__WHAT IS REQUIRED__:
Please take the records that follow and repeat exactly the lines starting with the line with "ブッチャケ(ぶっ鮭）日記" and going on through the line with "Network diagram for UPPER HOUSE LTD".

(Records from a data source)
========================================
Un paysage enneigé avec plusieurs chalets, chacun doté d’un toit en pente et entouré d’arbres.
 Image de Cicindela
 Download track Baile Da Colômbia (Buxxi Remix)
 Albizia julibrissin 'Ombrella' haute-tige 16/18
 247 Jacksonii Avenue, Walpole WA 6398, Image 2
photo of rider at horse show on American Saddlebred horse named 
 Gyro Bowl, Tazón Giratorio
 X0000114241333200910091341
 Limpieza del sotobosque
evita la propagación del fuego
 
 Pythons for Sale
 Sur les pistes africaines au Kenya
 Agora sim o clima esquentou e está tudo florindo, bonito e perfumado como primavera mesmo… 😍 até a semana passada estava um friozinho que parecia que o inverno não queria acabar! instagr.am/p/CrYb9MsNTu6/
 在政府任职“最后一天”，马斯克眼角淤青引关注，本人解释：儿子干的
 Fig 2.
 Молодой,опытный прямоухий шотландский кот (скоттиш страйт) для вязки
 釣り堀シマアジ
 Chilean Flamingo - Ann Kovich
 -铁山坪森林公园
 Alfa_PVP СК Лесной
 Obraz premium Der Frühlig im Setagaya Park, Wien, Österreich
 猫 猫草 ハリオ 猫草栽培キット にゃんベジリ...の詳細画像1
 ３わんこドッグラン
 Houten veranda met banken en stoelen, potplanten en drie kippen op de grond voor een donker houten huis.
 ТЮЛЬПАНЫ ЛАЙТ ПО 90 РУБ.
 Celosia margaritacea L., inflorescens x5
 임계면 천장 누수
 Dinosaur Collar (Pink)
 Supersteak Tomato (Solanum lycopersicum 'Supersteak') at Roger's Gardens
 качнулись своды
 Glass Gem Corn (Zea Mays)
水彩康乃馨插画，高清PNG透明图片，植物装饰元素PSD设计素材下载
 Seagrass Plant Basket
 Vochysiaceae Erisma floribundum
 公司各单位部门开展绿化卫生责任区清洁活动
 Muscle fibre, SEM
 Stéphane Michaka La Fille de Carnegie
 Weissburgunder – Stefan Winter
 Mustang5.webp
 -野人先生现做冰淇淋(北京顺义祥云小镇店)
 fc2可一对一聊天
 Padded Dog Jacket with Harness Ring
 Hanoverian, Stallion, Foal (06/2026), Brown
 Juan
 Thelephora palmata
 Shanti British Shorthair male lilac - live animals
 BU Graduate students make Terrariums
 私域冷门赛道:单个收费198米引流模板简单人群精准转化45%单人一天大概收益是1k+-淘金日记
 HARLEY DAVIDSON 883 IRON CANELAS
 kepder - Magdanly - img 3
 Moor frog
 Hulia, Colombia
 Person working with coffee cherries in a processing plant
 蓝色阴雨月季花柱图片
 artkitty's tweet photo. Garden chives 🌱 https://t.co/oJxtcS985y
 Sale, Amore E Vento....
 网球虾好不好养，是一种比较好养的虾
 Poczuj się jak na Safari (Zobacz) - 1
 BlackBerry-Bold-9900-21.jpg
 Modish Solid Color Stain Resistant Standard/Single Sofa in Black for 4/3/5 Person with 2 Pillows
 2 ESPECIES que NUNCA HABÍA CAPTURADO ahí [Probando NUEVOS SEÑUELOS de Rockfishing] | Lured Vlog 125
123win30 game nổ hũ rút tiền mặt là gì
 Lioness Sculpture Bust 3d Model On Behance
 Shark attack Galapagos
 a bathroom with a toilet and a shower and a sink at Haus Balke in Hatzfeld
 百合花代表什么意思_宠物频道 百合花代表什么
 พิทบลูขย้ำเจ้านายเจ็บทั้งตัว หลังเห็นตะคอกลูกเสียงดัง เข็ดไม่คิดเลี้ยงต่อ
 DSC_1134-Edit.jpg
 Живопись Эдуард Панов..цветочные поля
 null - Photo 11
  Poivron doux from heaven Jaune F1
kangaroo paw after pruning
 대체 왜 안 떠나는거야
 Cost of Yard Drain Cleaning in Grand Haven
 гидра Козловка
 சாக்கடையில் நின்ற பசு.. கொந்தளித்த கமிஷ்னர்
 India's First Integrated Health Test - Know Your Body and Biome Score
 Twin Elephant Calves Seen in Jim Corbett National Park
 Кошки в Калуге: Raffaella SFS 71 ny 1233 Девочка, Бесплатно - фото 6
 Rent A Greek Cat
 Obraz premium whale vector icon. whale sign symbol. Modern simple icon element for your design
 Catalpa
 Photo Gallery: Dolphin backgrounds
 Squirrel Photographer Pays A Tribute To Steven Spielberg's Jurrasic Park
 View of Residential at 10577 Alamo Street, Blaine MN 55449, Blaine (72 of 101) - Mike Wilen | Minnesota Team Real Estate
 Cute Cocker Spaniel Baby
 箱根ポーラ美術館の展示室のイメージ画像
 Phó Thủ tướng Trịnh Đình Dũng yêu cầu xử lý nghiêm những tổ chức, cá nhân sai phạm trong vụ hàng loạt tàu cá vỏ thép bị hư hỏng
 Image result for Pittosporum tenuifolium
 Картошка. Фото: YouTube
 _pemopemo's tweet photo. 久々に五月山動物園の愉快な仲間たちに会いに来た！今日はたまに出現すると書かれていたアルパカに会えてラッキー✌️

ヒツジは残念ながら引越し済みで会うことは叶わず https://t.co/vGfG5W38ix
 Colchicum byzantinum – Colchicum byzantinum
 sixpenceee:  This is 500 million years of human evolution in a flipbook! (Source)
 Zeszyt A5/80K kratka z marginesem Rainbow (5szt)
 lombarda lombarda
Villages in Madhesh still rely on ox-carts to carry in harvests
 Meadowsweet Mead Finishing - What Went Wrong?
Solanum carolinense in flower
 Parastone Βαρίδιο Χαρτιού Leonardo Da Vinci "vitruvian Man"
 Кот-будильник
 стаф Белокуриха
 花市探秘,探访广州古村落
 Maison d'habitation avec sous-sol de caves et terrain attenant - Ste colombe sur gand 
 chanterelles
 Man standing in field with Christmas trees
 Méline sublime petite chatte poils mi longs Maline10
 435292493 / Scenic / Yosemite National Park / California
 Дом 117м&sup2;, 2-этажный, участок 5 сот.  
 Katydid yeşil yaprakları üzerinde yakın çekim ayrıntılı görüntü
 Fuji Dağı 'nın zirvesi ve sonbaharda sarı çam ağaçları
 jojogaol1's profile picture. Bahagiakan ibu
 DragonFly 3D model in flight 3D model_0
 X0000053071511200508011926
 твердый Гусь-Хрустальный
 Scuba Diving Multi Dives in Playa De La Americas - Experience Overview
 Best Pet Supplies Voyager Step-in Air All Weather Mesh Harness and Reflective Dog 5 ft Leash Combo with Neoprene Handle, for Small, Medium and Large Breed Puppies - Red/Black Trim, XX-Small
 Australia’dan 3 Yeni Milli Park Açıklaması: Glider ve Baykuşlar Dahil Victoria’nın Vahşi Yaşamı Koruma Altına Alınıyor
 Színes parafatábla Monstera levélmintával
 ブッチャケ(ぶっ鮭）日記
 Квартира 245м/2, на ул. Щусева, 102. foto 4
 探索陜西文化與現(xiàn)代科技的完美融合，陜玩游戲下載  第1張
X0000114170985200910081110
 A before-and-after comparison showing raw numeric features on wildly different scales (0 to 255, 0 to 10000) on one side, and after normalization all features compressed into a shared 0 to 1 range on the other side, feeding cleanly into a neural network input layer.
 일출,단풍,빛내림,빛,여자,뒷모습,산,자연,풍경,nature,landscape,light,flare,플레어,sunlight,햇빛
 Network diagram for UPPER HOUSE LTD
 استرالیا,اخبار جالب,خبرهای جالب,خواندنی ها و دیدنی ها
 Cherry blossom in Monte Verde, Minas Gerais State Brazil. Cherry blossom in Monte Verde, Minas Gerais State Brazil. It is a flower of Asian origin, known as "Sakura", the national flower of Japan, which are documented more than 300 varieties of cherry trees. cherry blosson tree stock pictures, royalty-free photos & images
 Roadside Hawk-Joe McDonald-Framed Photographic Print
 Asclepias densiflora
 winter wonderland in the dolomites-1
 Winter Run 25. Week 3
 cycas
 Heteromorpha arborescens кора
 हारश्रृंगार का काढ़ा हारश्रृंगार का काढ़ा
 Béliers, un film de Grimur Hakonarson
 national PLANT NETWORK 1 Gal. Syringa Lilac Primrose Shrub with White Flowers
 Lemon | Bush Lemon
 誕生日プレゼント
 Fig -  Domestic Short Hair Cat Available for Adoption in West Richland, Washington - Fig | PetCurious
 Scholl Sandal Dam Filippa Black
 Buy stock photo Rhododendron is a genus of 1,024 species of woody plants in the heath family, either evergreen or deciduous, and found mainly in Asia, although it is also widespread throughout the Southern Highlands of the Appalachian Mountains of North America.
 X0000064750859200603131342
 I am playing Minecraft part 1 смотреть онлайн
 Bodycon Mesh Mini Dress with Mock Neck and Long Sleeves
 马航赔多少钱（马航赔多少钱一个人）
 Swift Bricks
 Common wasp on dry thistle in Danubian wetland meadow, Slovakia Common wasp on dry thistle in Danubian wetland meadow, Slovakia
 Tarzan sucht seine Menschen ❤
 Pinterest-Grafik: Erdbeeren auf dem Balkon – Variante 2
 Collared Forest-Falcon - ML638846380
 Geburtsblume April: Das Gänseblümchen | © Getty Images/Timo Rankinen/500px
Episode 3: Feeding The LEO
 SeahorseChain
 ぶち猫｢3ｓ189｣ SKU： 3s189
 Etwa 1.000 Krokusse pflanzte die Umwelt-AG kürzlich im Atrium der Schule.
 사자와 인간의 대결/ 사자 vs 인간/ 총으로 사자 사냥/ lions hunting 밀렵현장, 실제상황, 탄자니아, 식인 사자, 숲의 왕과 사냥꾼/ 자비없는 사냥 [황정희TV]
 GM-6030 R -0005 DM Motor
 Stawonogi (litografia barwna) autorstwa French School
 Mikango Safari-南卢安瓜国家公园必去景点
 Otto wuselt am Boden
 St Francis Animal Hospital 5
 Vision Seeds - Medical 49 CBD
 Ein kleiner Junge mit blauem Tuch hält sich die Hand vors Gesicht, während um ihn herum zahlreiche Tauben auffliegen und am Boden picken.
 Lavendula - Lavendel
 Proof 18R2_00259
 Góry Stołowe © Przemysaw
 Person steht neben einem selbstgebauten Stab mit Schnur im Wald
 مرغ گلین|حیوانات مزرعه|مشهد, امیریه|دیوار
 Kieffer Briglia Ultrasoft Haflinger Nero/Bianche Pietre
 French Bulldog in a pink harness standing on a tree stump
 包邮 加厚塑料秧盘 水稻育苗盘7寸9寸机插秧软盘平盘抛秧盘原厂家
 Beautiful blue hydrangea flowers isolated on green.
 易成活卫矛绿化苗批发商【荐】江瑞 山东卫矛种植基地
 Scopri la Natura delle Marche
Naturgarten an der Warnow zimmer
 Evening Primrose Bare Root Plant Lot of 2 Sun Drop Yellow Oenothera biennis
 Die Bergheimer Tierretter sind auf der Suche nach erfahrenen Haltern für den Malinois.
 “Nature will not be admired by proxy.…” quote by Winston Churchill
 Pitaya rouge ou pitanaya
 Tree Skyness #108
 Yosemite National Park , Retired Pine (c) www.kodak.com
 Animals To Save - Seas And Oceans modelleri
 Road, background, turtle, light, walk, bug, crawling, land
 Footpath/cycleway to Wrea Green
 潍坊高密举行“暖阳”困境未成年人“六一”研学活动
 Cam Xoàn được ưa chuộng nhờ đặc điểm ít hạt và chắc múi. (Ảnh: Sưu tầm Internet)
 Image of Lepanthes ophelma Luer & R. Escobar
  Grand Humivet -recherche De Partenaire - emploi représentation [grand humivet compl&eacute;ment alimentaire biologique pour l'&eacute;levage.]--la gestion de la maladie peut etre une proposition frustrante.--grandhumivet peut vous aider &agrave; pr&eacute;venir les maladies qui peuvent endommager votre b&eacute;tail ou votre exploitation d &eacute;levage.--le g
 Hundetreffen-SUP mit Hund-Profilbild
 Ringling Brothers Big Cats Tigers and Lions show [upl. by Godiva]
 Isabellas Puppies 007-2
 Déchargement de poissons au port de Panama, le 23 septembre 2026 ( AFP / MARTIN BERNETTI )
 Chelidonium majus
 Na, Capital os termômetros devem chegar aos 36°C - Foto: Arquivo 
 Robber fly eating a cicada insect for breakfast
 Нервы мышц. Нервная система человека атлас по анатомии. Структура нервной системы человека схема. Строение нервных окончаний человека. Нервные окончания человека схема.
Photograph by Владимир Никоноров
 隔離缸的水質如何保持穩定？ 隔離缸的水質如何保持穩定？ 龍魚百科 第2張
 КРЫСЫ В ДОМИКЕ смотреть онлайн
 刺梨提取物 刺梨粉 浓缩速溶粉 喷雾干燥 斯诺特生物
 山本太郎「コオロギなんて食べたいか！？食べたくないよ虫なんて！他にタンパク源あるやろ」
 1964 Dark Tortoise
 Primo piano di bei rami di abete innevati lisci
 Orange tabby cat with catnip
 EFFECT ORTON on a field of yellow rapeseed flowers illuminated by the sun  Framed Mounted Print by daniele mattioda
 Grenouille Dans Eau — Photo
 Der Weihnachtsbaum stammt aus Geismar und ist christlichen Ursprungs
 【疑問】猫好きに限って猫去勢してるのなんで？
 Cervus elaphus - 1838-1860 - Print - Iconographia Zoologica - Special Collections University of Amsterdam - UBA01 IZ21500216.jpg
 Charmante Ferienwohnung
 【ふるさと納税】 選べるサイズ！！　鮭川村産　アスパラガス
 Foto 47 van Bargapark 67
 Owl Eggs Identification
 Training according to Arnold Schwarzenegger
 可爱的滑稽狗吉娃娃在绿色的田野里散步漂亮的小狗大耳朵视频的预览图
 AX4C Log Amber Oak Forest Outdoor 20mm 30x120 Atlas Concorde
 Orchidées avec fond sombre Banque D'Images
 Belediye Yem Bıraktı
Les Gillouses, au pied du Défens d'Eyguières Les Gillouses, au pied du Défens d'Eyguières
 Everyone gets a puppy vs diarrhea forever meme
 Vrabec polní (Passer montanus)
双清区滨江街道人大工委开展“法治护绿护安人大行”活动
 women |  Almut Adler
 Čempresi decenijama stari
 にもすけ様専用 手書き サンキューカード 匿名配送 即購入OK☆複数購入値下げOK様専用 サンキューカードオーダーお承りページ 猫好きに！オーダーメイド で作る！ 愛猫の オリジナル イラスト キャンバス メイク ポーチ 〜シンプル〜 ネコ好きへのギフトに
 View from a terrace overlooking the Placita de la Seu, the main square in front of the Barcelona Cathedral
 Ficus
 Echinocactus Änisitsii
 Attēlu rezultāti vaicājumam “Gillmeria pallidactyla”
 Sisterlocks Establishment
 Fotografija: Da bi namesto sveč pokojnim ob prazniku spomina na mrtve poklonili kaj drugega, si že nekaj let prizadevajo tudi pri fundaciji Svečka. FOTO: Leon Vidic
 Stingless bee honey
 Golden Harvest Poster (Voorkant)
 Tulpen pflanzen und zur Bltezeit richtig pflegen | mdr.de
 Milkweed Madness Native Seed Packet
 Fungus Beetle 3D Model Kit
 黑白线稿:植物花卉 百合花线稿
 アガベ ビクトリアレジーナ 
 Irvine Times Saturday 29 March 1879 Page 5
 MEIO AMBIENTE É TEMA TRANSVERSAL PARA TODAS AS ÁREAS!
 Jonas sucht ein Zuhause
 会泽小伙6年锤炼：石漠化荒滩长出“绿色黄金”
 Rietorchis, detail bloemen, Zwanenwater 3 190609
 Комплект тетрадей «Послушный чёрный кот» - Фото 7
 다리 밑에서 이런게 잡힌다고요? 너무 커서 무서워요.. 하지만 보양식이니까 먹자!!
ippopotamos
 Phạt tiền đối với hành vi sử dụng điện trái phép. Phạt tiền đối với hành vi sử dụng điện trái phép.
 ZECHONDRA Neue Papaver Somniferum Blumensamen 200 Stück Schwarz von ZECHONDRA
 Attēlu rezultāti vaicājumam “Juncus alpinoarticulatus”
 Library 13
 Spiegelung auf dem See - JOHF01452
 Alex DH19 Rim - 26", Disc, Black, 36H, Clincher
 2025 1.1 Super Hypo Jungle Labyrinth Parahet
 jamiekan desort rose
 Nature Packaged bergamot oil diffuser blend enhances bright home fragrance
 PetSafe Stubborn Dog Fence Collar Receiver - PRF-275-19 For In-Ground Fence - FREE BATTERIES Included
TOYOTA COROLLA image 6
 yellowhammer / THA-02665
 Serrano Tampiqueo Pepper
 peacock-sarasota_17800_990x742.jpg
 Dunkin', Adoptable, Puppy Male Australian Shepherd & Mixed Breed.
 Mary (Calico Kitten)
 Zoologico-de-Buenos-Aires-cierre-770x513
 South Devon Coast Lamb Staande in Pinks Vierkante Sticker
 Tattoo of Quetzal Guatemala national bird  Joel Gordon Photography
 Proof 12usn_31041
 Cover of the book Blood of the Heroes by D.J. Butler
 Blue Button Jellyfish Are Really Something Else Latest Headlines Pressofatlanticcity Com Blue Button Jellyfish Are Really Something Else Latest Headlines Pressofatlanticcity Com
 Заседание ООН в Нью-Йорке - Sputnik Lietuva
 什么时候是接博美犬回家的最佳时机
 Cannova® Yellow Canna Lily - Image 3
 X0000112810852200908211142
========================================
__ANSWER SPACE__:
 ブッチャケ(ぶっ鮭）日記
 Квартира 245м/2, на ул. Щусева, 102. foto 4
 探索陜西文化與現(xiàn)代科技的完美融合，陜玩游戲下載  第1張
X0000114170985200910081110
 A before-and-after comparison showing raw numeric features on wildly different scales (0 to 255, 0 to 10000) on one side, and after normalization all features compressed into a shared 0 to 1 range on the other side, feeding cleanly into a neural network input layer.
 일출,단풍,빛내림,빛,여자,뒷모습,산,자연,풍경,nature,landscape,light,flare,플레어,sunlight,햇빛
 Network diagram for UPPER HOUSE LTD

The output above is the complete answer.